"Country-soul": la definizione è loro, sta nelle loro biografie e sui loro social: come tutte le etichette è abbastanza generica per essere risconoscibile anche da chi non mastica la loro musica, o da chi non ha mai sentito parlare di Willy Vlautin. Ma è una definzione che funziona, e descrive in due parole le anime di questa band.
"The imperial" è terzo album dei Delines, band formata da Vlautin, appunto - già mente e voce dei Richmond Fontaine, che rimangono uno dei nomi più sottovalutati del rock americano degli ultimi vent'anni. Vlautin, nel frattempo, però, ha messo la parola fine alla storia della sua storica band (ritornata l'anno scorso esteporaneamente per un album strumentale - colonna sonora del suo ultimo romanzo "Dont't skip out on me", pubblicato anche in italiano). Ormai è più noto come scrittore che come autore musicale, ma qua sempre ritorna, e i Delines sono il suo progetto principale.
Quello che rende ancora più belle le canzoni e le storie di Vlautin è la grazia della voce di Amy Boone. Vlautin continua a raccontare storie di persone al margine della società, di gente che fa a pugni con la vita - immaginatevi un "Nebraska" raccontato da Raymond Carver - ma la voce della Boon aggiunge un calore e una compassione che la voce imperfetta e roca di Vlautin non aveva. E la struttura musicale rimane "Americana" - inteso come genere e non solo come ambito di provenienza, con un ulteriore calore aggiunto alla matrice country dall'uso delle tastiere elettriche e da qualche fiato qua e là. Soul bianco delle periferie americane.

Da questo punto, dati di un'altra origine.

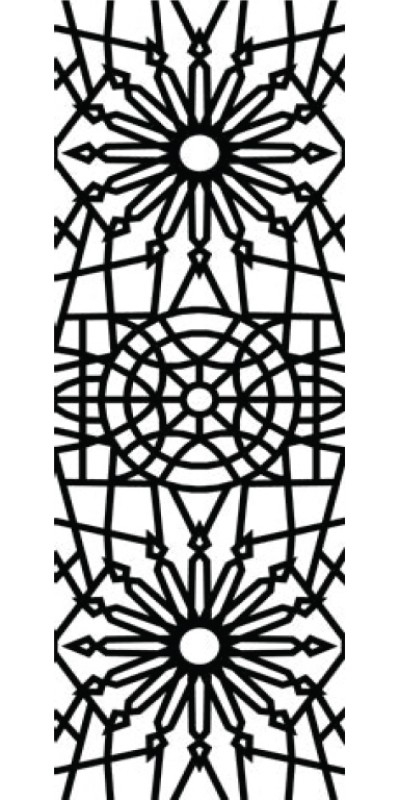 Kod:28520 - 400x1200 Malzeme: 2/2,5/3 mm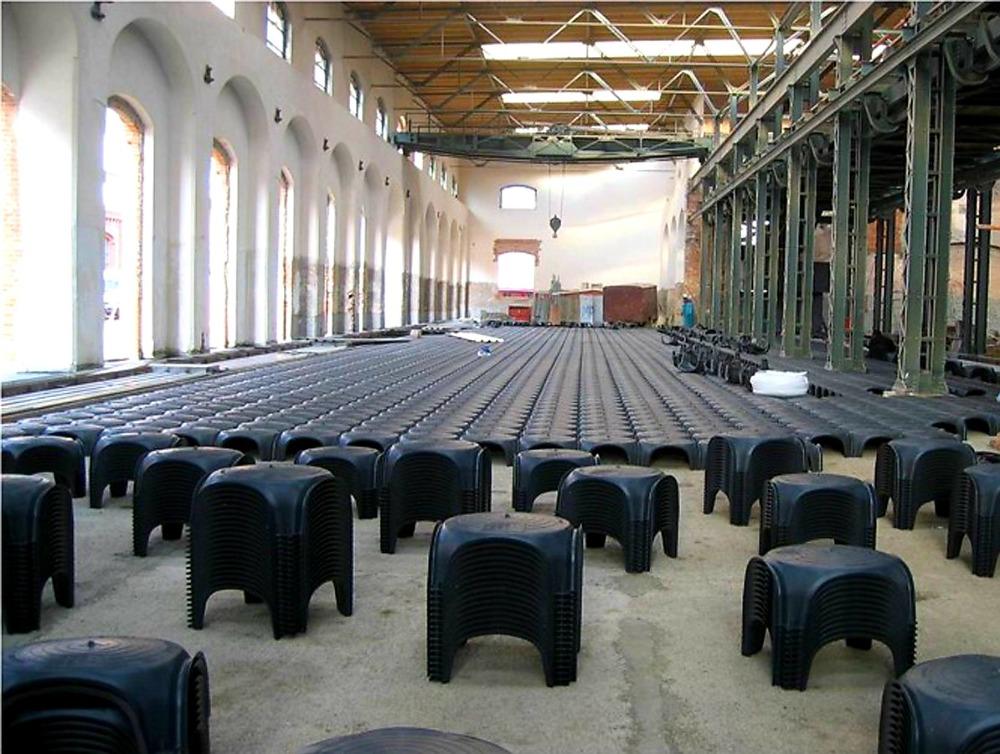 ZTRACENÉ BEDNĚNÍ IGLÚ DALIFORM H 20 - 50 x 50 cm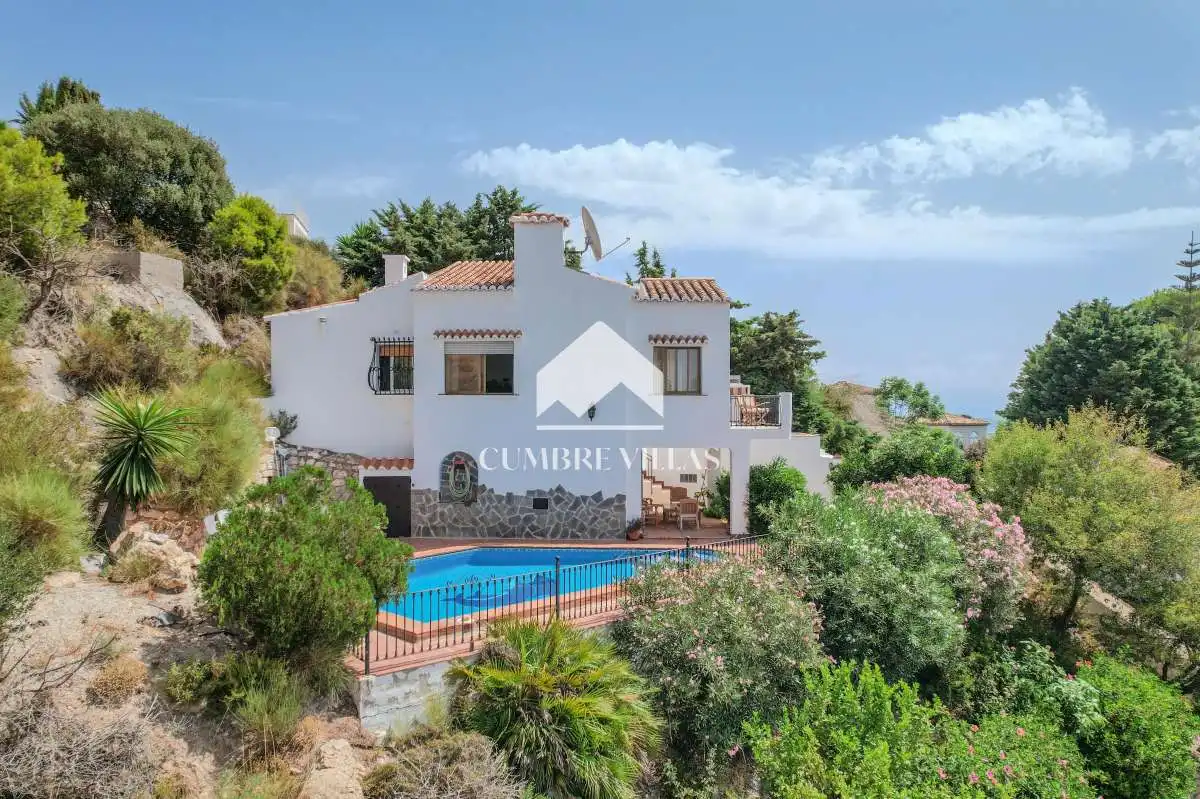 Haus mit Pool zum Verkauf in Monte los Almendros - El Pargo - Costa Aguilera, imagen 2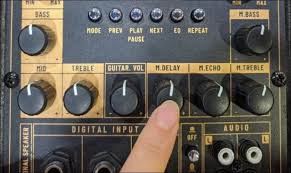 Echo trong loa là gì? Cách phân biệt echo và reverb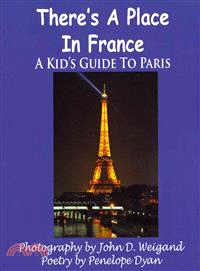 There's a Place in France, a Kid's Guide to Paris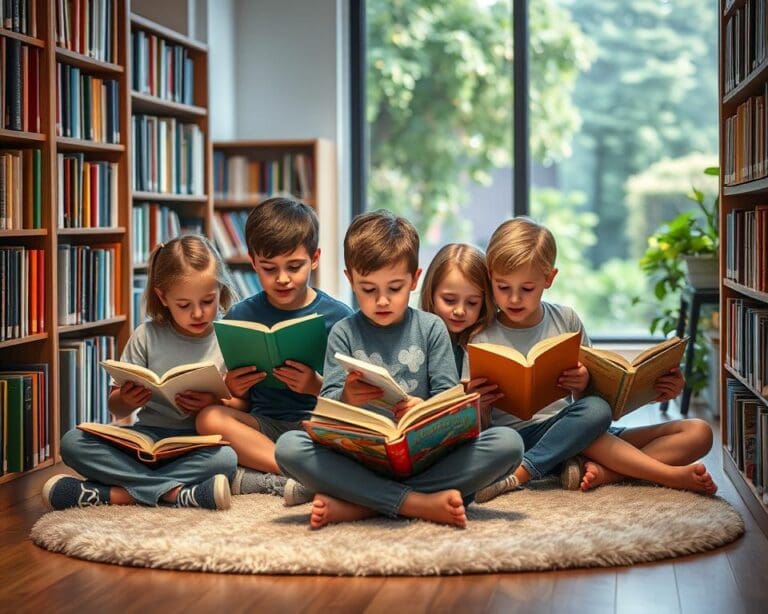 What books are best for kids at different ages?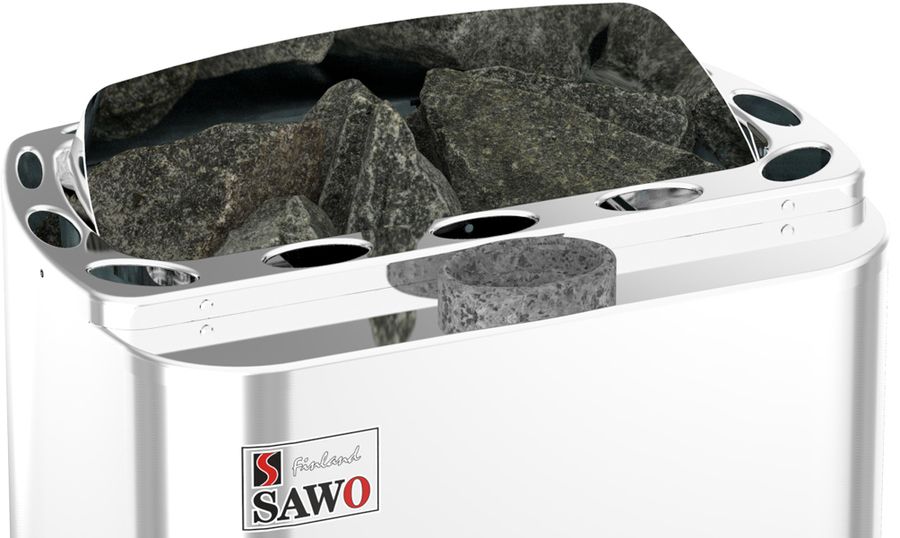 Электрическая печь SAWO SCAC-80NS-Z фото#2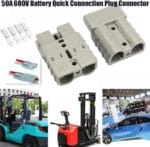 Conector power anderson 50a/600v - Imagen 4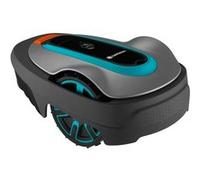Gardena Tondeuse robot smart SILENO city 500 - commande par smart App - surface jusqu'à 500 m²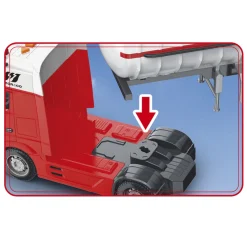 - Camión Contenedor (Varios Modelos)*MOTOR & CO Best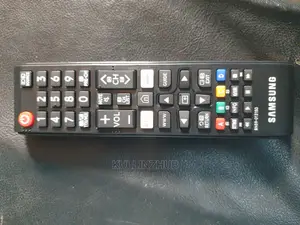 Samsung Smart Tv Replacement Remote Control - Black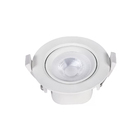 Spot de Embutir LED 5W Luz Amarela, Branca e Neutra Inspire Bivolt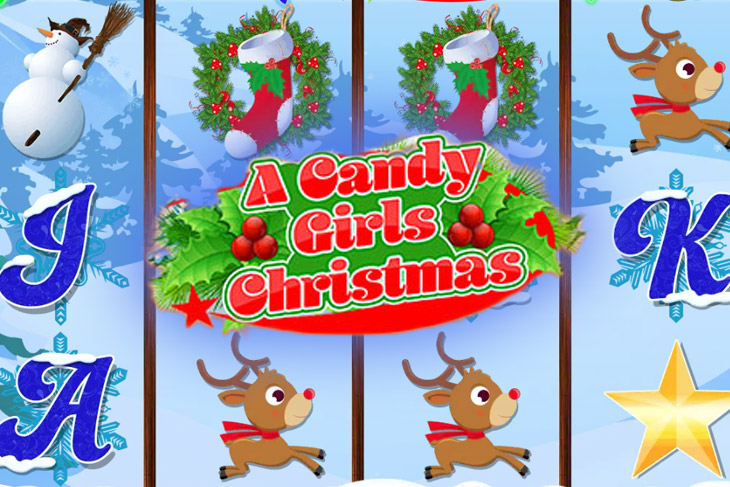 A Candy Girls Christmas by Maverick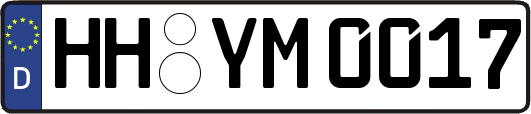 HH-YM0017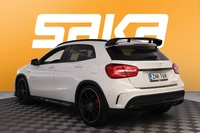Mercedes-Benz GLA vaihtoauto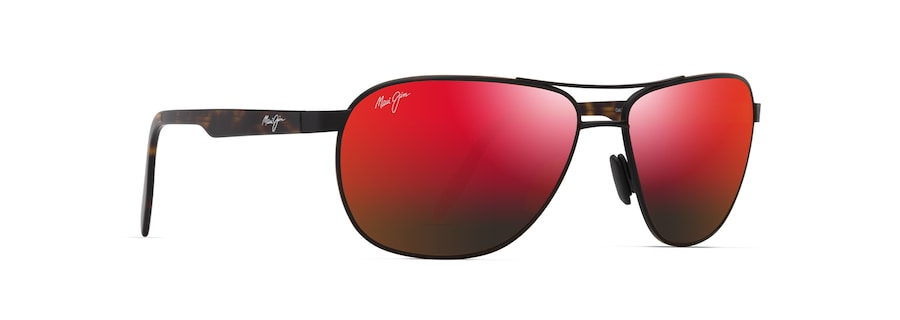 Maui Jim CASTLES RM728-02A MJ0728S-004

E' un disco stupendo, "The imperial": di una bellezza struggente come la copertina, una macchina parcheggiata (o abbandonata) di fronte ad un hotel, quell "Imperial" dove nella stanza 315 due amanti si trovavano, prima che lui finisse in un casino giù al sud. O come la storia di "Eddie & Polly", due persone che si innamorano e si disamorano ("Fall in love" e "Fall out of love"), tre strofe per passare dall'ebbrezza, alle prime liti, alla rottura, quando la vita pressione della vita chiede il conto. Non c'è mai pietisimo, non c'è mai rabbia, in queste canzoni, solo il racconto e la musica come strumento per affrontare la vita, per provare a dare un senso alla quotidianità di chi vive nella "darkness on the edge of town".
"The imperial" è il primo, grande disco di questo 2019 - non serve altro se non un po' di tempo, un bicchiere di vino e un po' di luce soffusa, e possibilmente il libretto dei testi: canzoni da leggere come una raccolta di racconti.